• [Your objective] With the pictures left out, write out exactly the lines of the listing below that run from the line with "Colgantes femeninos de" through the line with "Puede incluir: Una".

• [Input]
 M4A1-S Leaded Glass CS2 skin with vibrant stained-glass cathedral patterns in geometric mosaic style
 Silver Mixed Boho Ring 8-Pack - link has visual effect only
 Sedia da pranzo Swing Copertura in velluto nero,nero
==
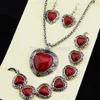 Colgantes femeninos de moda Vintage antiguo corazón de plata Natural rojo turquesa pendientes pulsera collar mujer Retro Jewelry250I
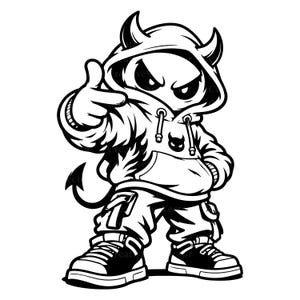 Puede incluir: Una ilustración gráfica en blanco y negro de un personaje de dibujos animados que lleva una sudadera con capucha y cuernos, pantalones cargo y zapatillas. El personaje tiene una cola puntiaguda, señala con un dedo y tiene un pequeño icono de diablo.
* * *
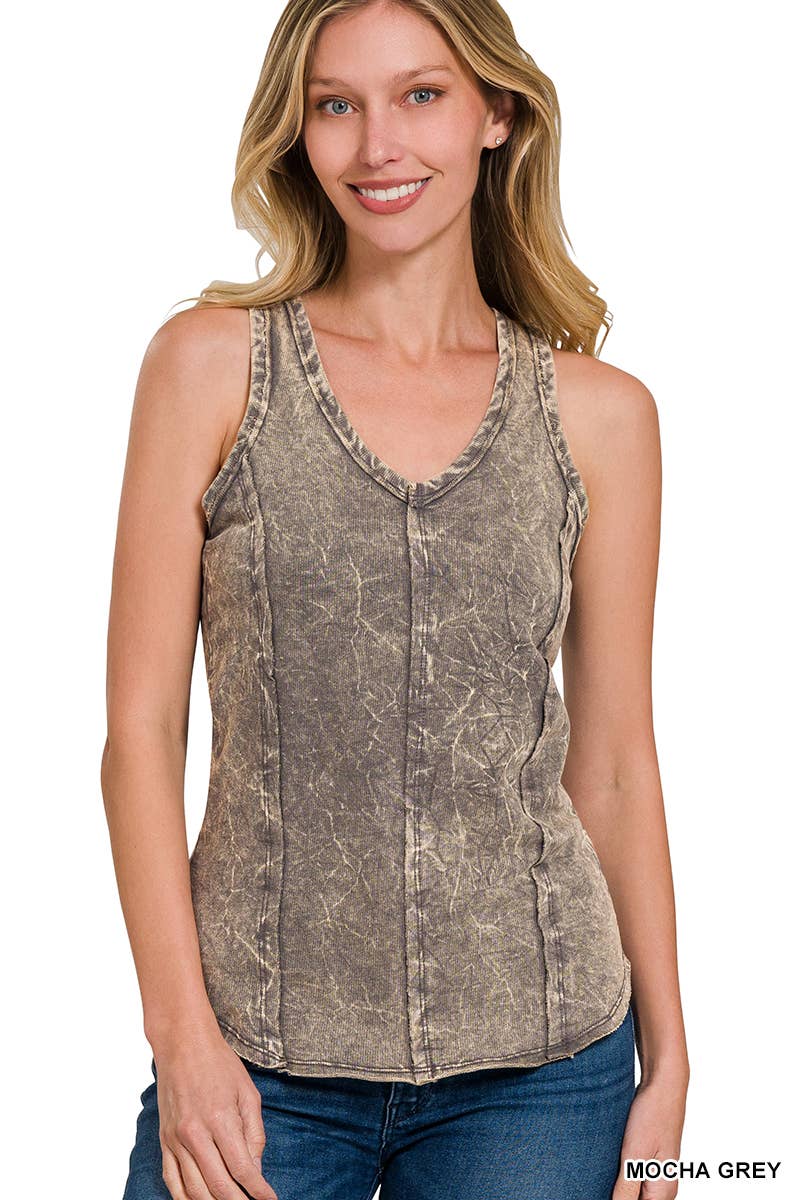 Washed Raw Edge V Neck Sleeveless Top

• [The answer]
 Colgantes femeninos de moda Vintage antiguo corazón de plata Natural rojo turquesa pendientes pulsera collar mujer Retro Jewelry250I
 Puede incluir: Una ilustración gráfica en blanco y negro de un personaje de dibujos animados que lleva una sudadera con capucha y cuernos, pantalones cargo y zapatillas. El personaje tiene una cola puntiaguda, señala con un dedo y tiene un pequeño icono de diablo.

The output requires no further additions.